Verifier runs through the unittest framework. A new unit test can be added to run the verifier with a specific
configuration.
Current unit tests are located in nnverify/tests
.
Networks used for the experiment are available here
IVAN: Incremental Verification of Neural Networks
Shubham Ugare, Debangshu Banerjee, Sasa Misailovic, and Gagandeep Singh
PLDI 2023
IRS: Incremental Randomized Smoothing Certification
Shubham Ugare, Tarun Suresh, Debangshu Banerjee, Gagandeep Singh, and Sasa Misailovic
ICLR 2024
You can install all the dependencies for the nn_verify library with
pip install git+https://github.com/uiuc-arc/Incremental-DNN-Verification.git
Instructions for IVAN
GUROBI installation instructions can be found at https://www.gurobi.com/documentation/9.5/quickstart_linux/software_installation_guid.html
For Linux-based systems the installation steps are: Install Gurobi:
wget https://packages.gurobi.com/9.1/gurobi9.1.2_linux64.tar.gz
tar -xvf gurobi9.1.2_linux64.tar.gz
cd gurobi912/linux64/src/build
sed -ie 's/^C++FLAGS =.*$/& -fPIC/' Makefile
make
cp libgurobi_c++.a ../../lib/
cd ../../
cp lib/libgurobi91.so /usr/local/lib -> (You may need to use sudo command for this)
python3 setup.py install
cd ../../
Update environment variables: i) Run following export commands in command prompt/terminal (these environment values are only valid for the current session) ii) Or copy the lines in the .bashrc file (or .zshrc if using zshell), and save the file
export GUROBI_HOME="$HOME/opt/gurobi950/linux64"
export GRB_LICENSE_FILE="$HOME/gurobi.lic"
export PATH="${PATH}:${GUROBI_HOME}/bin"
export LD_LIBRARY_PATH=$LD_LIBRARY_PATH:/$HOME/usr/local/lib:/usr/local/lib
Getting the free academic license To run GUROBI one also needs to get a free academic license. https://www.gurobi.com/documentation/9.5/quickstart_linux/retrieving_a_free_academic.html#subsection:academiclicense
a) Register using any academic email ID on the GUROBI website. b) Generate the license on https://portal.gurobi.com/iam/licenses/request/
Choose Named-user Academic
c)Use the command in the command prompt to generate the licesne.
(If not automatically done, place the license in one of the following locations “/opt/gurobi/gurobi.lic” or “$HOME/gurobi.lic”)
First, make sure you have venv (https://docs.python.org/3/library/venv.html).
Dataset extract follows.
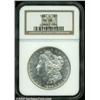 Image 3 : 1882-S $1 MS68 NGC.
If venv is not already installed, install it with the following command (Use appropriate python version)
sudo apt-get install python3.8-venv
(One can also use other environments such as conda, however we have not tested the experiments on other Python environments)
To create the virtual environment,
python3 -m venv env
Then to enter the virtual environment, run
source env/bin/activate
Install all packages including the compiler with
pip install -r requirements.txt
Even if installation of any of the libraries does not work, ignore and continue with the next steps
Caveats:
-
The speedup results obtained in the experiment can vary depending on the machine
-
Our experiments run our tool IVAN and the baseline on a fixed number of randomly chosen inputs from the dataset. We report the average speedup on each verification instance. The speedup results in the paper are for count=100. One can change the count=20 to a smaller value for faster run of all experiments. However, the average speedup result may vary depending on this value.
-
Speedups are also dependent on the timeout used for verification. To accurate reproduce the results from the paper, we advise not changing those timeout values otherwise the observed speedups can be less or more than the ones reported in the paper.
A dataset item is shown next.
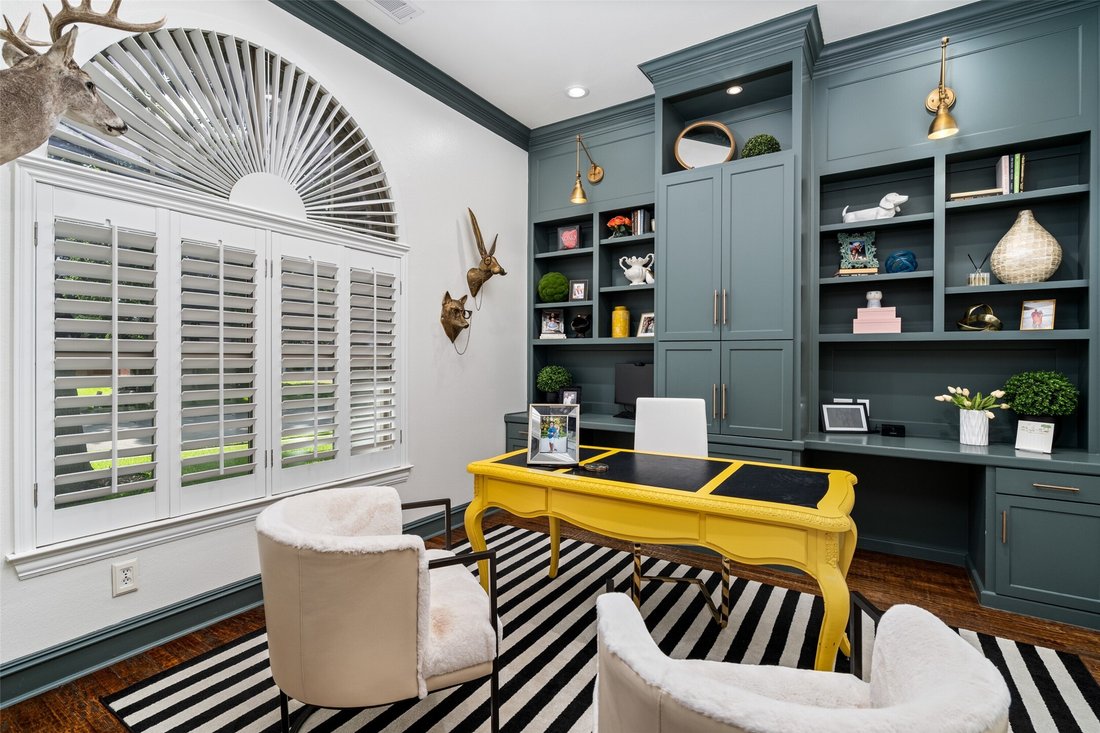 House in Allen, Texas, United States 4 - 18257437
Instructions for running experiments: A single experiment runs IVAN and the baseline for verifying a set of properties on a fixed network and fixed type of modification.
One can run a single experiment from the test using the following command. This will take about 1 to 2 hours.
python3 -m unittest -v nnverify.tests.test_pldi.TestIVAN.test1
Running the experiment will result in following console output
The following part of the console output present the verifier name, network name, number of inputs in the experiment and the timeout for the verification.
test1 (nnverify.tests.test_pldi.TestIVAN) ... Running IVAN on the original network
Running on the network: nnverify/nets/mnist-net_256x2.onnx
Number of verification instances: 100
Timeout of verification: 100
There are 4 possible outcomes of verification that are also printed on the console
`VERIFIED` - The robustness property is verified
`ADV_EXAMPLE` - The verifier found a adversarial example for the property
`MISS_CLASSIFIED` - DNN missclassified the input. This is a trivial counter-example for the property
`UNKNOWN` - The verifier timed out
All experiments in the paper consider multiple combinations of networks and network perturbations for evaluating IVAN’s effectiveness in verification compared to the baseline. The goal of experiments is to compute IVAN’s speedup over the baselines.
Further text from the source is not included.